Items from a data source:
--- --- ---

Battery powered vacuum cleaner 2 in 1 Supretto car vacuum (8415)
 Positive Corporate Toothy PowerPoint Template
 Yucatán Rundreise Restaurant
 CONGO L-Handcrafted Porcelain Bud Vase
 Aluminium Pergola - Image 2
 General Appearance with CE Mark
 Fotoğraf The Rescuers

--- --- ---

Task to carry out: Reproduce each record exactly, leaving nothing out.

Answer for this exercise:
Battery powered vacuum cleaner 2 in 1 Supretto car vacuum (8415)
 Positive Corporate Toothy PowerPoint Template
 Yucatán Rundreise Restaurant
 CONGO L-Handcrafted Porcelain Bud Vase
 Aluminium Pergola - Image 2
 General Appearance with CE Mark
 Fotoğraf The Rescuers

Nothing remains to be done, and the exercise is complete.